Task brief: In the data below, find the line that contains "21.06.2026 - 29." and the line that contains "岡山県倉敷市で伊勢崎満の徳利を買取させてもらいました。の画像". Copy both, plus every line between them, exactly.

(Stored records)

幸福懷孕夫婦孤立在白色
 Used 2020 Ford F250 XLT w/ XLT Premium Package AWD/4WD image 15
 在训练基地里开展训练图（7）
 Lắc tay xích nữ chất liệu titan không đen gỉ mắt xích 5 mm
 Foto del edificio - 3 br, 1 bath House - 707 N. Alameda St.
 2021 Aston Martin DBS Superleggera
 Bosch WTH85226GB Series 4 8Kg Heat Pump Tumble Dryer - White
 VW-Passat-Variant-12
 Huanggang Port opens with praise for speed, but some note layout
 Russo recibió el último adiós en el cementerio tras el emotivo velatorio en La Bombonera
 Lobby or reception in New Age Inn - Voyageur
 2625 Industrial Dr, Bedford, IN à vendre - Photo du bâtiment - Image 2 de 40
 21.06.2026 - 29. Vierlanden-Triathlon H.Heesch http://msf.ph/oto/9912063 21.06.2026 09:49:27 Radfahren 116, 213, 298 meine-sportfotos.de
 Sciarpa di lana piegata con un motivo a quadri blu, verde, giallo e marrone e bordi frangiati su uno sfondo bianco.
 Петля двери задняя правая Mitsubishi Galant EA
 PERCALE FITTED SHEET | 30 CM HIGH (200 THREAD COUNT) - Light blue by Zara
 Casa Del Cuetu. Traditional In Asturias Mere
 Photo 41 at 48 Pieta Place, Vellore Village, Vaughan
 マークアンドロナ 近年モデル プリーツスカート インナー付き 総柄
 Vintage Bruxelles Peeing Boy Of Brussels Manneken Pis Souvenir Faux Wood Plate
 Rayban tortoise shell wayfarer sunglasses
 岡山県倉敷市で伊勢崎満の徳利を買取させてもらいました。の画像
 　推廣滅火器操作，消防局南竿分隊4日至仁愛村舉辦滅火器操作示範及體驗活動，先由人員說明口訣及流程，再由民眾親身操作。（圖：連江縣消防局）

Output for this exercise:
 21.06.2026 - 29. Vierlanden-Triathlon H.Heesch http://msf.ph/oto/9912063 21.06.2026 09:49:27 Radfahren 116, 213, 298 meine-sportfotos.de
 Sciarpa di lana piegata con un motivo a quadri blu, verde, giallo e marrone e bordi frangiati su uno sfondo bianco.
 Петля двери задняя правая Mitsubishi Galant EA
 PERCALE FITTED SHEET | 30 CM HIGH (200 THREAD COUNT) - Light blue by Zara
 Casa Del Cuetu. Traditional In Asturias Mere
 Photo 41 at 48 Pieta Place, Vellore Village, Vaughan
 マークアンドロナ 近年モデル プリーツスカート インナー付き 総柄
 Vintage Bruxelles Peeing Boy Of Brussels Manneken Pis Souvenir Faux Wood Plate
 Rayban tortoise shell wayfarer sunglasses
 岡山県倉敷市で伊勢崎満の徳利を買取させてもらいました。の画像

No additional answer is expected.